For Wilson, who signed with the Alouettes as a free agent after nine seasons with the Calgary Stampeders, it’s all part of the game.
“In my nine seasons with Calgary, I had starts at every position on the O-line and I came here to Montreal with the same mentality,” said Wilson. “I told the coach: ‘I’ll give you an honest effort and whatever position you want to throw me in, it’s up to you to do what you like and what’s the best for the team.’ ”
That doesn’t mean that Wilson doesn’t have preferences.
“I prefer right side over left and probably tackle over guard, but I can throw the ball through my legs,” said Wilson. “Mentally, I can play centre (but) it’s difficult. Centre is tough because, on top of having the extra stress of getting the ball back accurately, stepping up and (identifying) the front, it’s tough because you’re square with your feet. There’s no inside that you can rely on to protect in other positions. As long as you can throw your guy outside, you have a second to recover. At centre, there’s no option for that; they can beat you on both sides.”

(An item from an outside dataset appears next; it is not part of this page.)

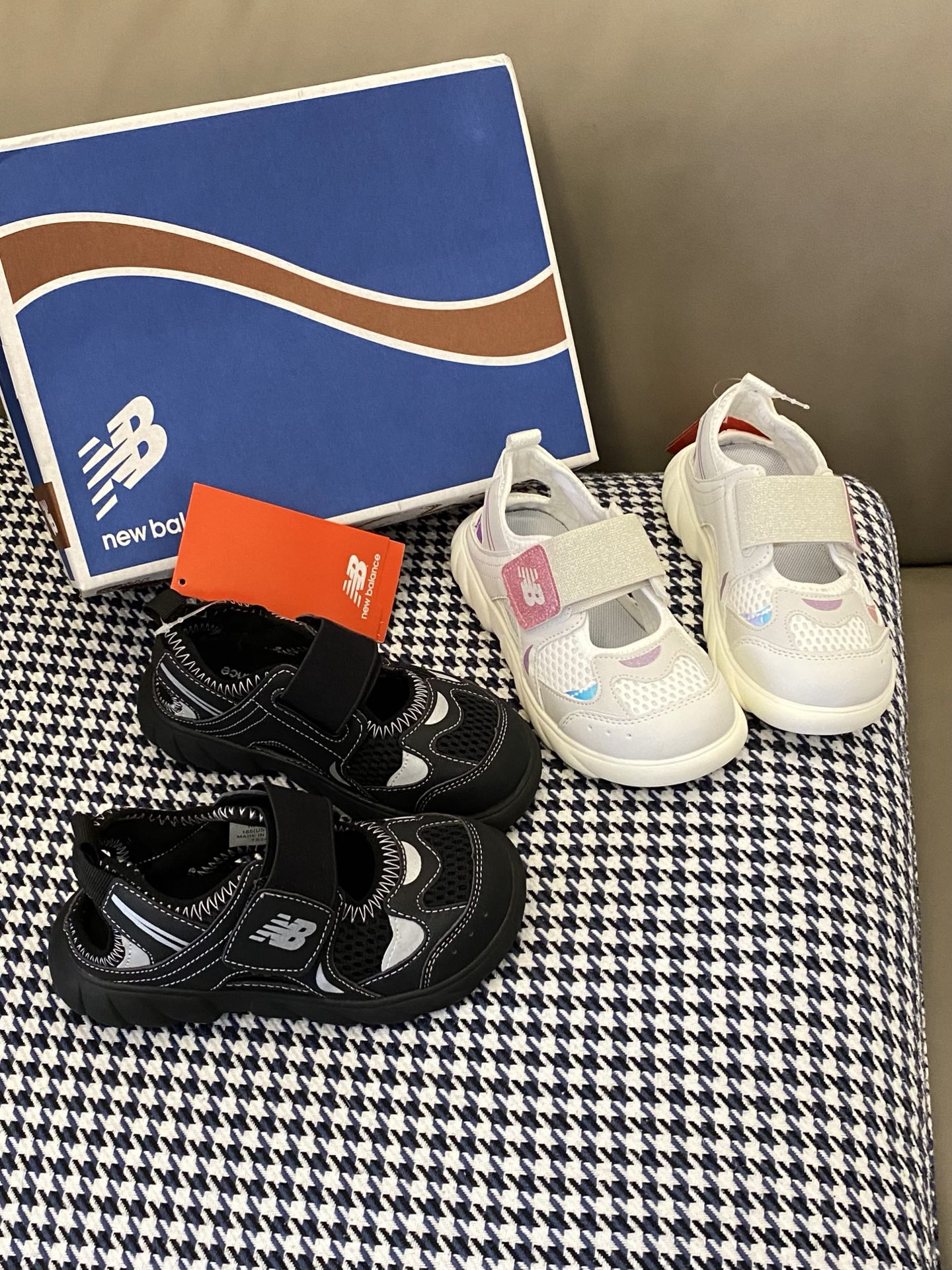 图片[4]-原图直出🌟 幼儿园门口被追问链接的NB 920魔术贴儿童凉鞋🔥采用魔术贴设计方便宝贝穿脱✔️真的卖爆了💥一双凉鞋穿遍整个夏天🏝️趁现在有活动赶紧囤起来-选品中心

Wilson’s versatility — he also served as the emergency kickoff man in Calgary and he once caught a pass for a two-point convert — has served him well during a career that has included three trips to the Grey Cup. He was a CFL All-Star at tackle in 2015 and 2016.
Wilson’s path to the CFL wasn’t an easy one. While most players go through university programs and are drafted, Wilson played junior football for the Calgary Colts and was a territorial pick of the Stampeders.
“I worked hard during my first years, doing two-a-days with both the Colts and Stamps in 2010,” said Wilson. “I had to prove myself as an undrafted nobody.”
Alouettes head coach Mike Sherman said having Wilson on the roster gives him options as he attempts to put together an offensive line. Import Tony Washington is set at left tackle, but the other four spots are up in the air until the Als figure out whether there’s another spot available for an import.
Wilson’s versatility might have worked against him last season. The Stampeders used him as the sixth offensive lineman, which means they plugged him in whenever there was an injury on the line.
When he became a free agent at the end of the season, he was looking for a change of scenery.
“I was looking for new opportunities and I wanted to see what was out there,” said Wilson. “I had never been a free agent and Montreal seemed very hyped to talk to and it seemed like the organization was definitely on the rise.”
There was also a personal reason to seek employment here. His wife, Maryse Dazé-Wilson, is from St-Sauveur.
“With my wife being from here, it was an added bonus,” said Wilson. “We have a little one on the way and … this seemed like the right next step in our life. We’re having a little baby girl shortly and the opportunity to raise our child out here, close to her family, it just made sense. I’m looking forward to pushing the stroller around and exploring Montreal.”